Dict's different behavior for using and include

First, I created a file named DictTest.jl with the following content:

module DictTest
data = Dict(GlobalRef(Base,:sum) => GlobalRef(Base,:prod),
    1 => GlobalRef(Base,:sum))
end

and put the file into the JULIA_LOAD_PATH.

Then in REPL:

julia> using DictTest
[ Info: Precompiling DictTest [top-level]

julia> DictTest.data
Dict{Any,GlobalRef} with 2 entries:
  :(Base.sum) => :(Base.prod)
  1           => :(Base.sum)

julia> DictTest.data[1]
:(Base.sum)

julia> DictTest.data[GlobalRef(Base,:sum)]
ERROR: KeyError: key :(Base.sum) not found
Stacktrace:
 [1] getindex(::Dict{Any,GlobalRef}, ::GlobalRef) at .\dict.jl:467
 [2] top-level scope at none:1

julia> DictTest.data.keys[10]
:(Base.sum)

julia> DictTest.data[DictTest.data.keys[10]]
ERROR: KeyError: key :(Base.sum) not found
Stacktrace:
 [1] getindex(::Dict{Any,GlobalRef}, ::GlobalRef) at .\dict.jl:467
 [2] top-level scope at none:1

The last result make me crazy.

Restart Julia, and

julia> cd(ENV["JULIA_LOAD_PATH"][1:end-1])

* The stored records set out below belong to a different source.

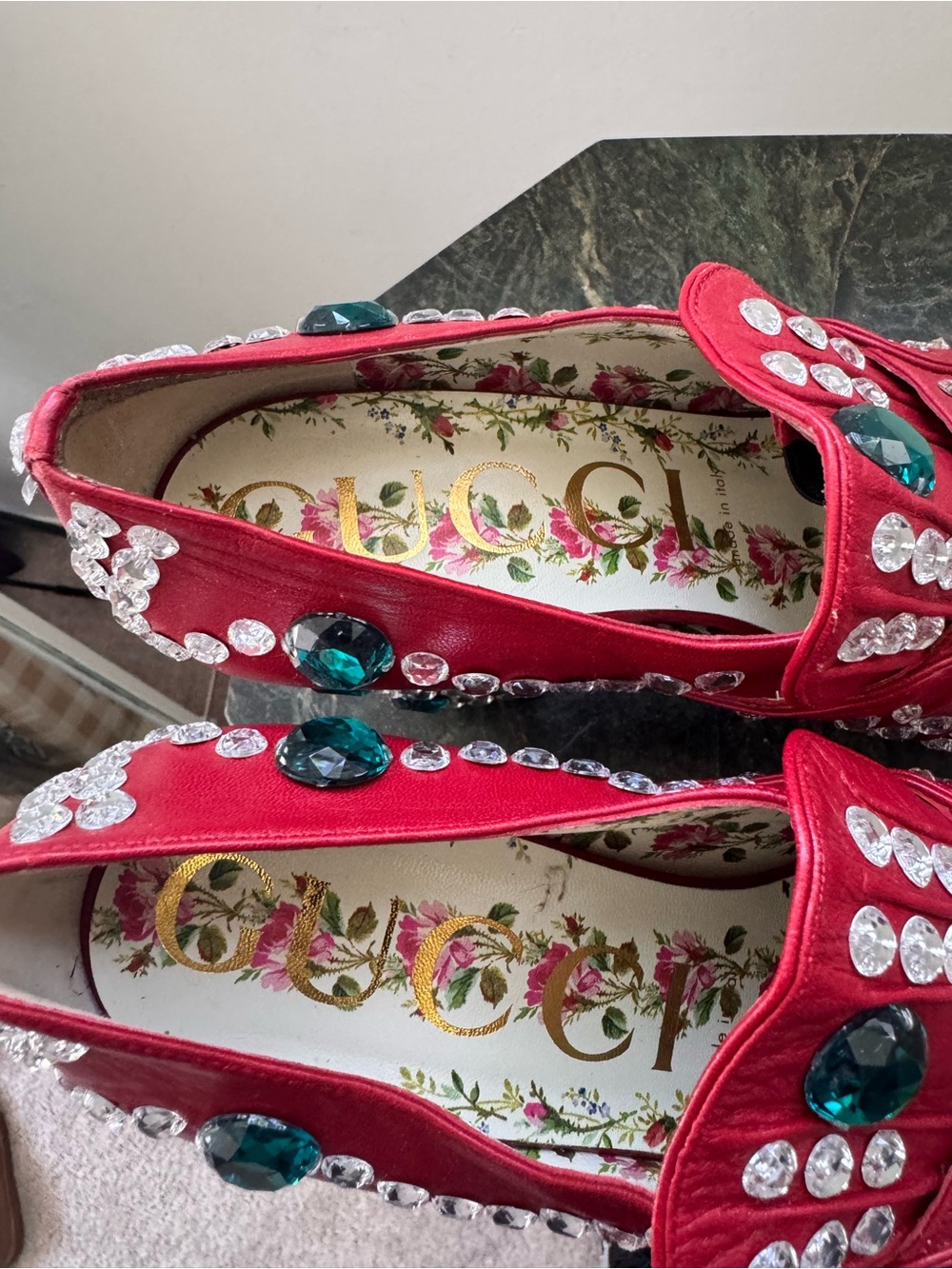 Gucci Red Platform shoes with Emerald Accents - Picture 5 of 8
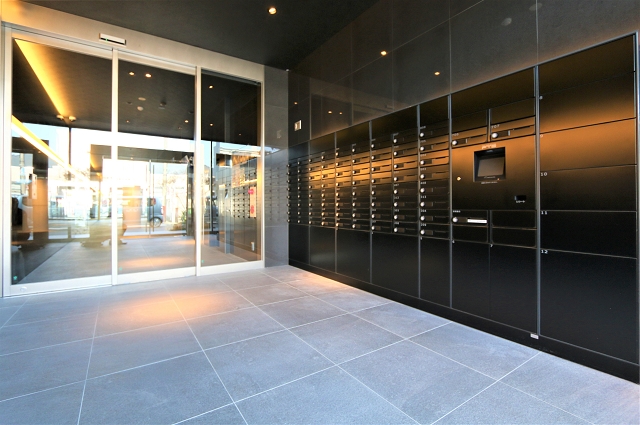 オシャレなエントランスですね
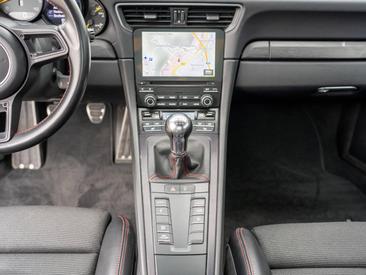 Porsche 991 II GT3 — photo 17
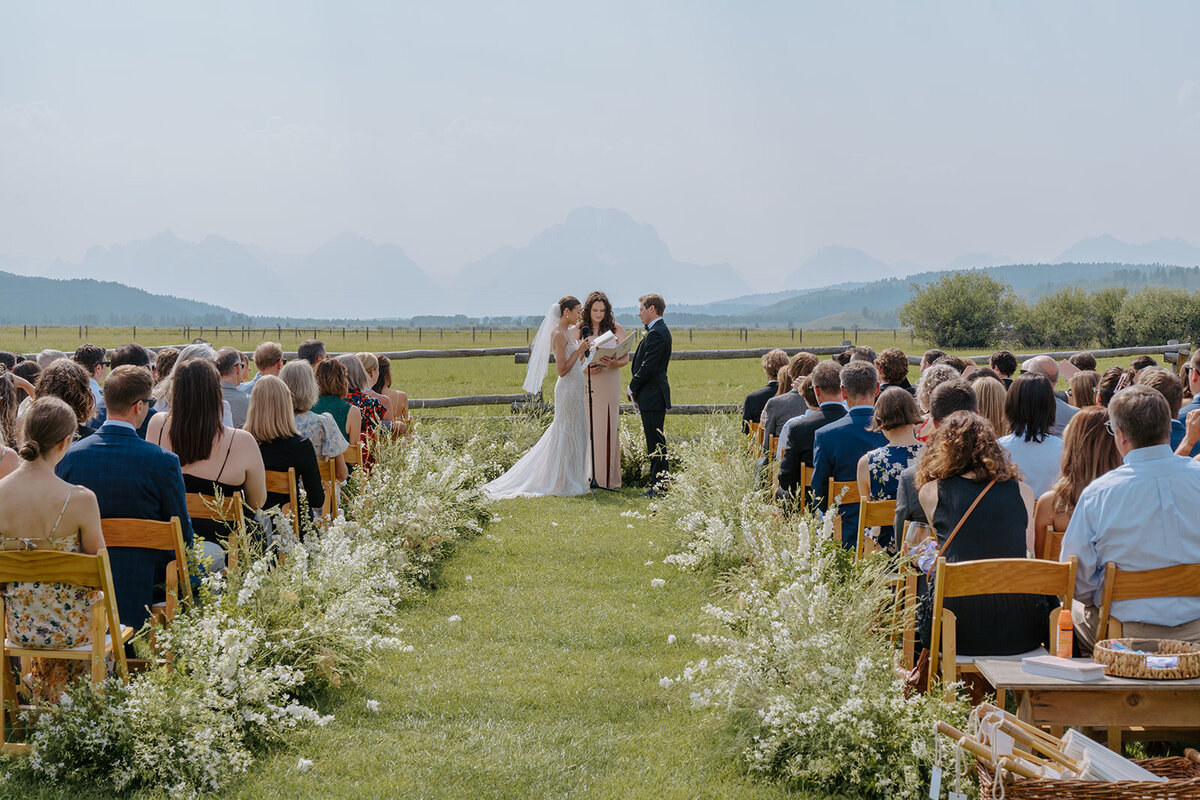 maggie-and-kinsly-diamond-cross-ranch-wedding-299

julia> include("DictTest.jl")
Main.DictTest

julia> DictTest.data[1]
:(Base.sum)

julia> DictTest.data[GlobalRef(Base,:sum)]
:(Base.prod)

It seem using gives a wrong result while include is ok. I have little knowledge about Julia’s pre-compile, is this a feature or a bug?

Here’s the versioninfo:

Julia Version 1.5.1
Commit 697e782ab8 (2020-08-25 20:08 UTC)
Platform Info:
  OS: Windows (x86_64-w64-mingw32)
  CPU: Intel(R) Core(TM) i5-9600KF CPU @ 3.70GHz
  WORD_SIZE: 64
  LIBM: libopenlibm
  LLVM: libLLVM-9.0.1 (ORCJIT, skylake)

You probably need to rehash! the dictionary after precompilation since the serialized hashes are not valid anymore.

So you can add

function __init__()
    Base.rehash!(data)
end

to your module. Also, don’t use the .keys field for dictionaries, it’s an internal field.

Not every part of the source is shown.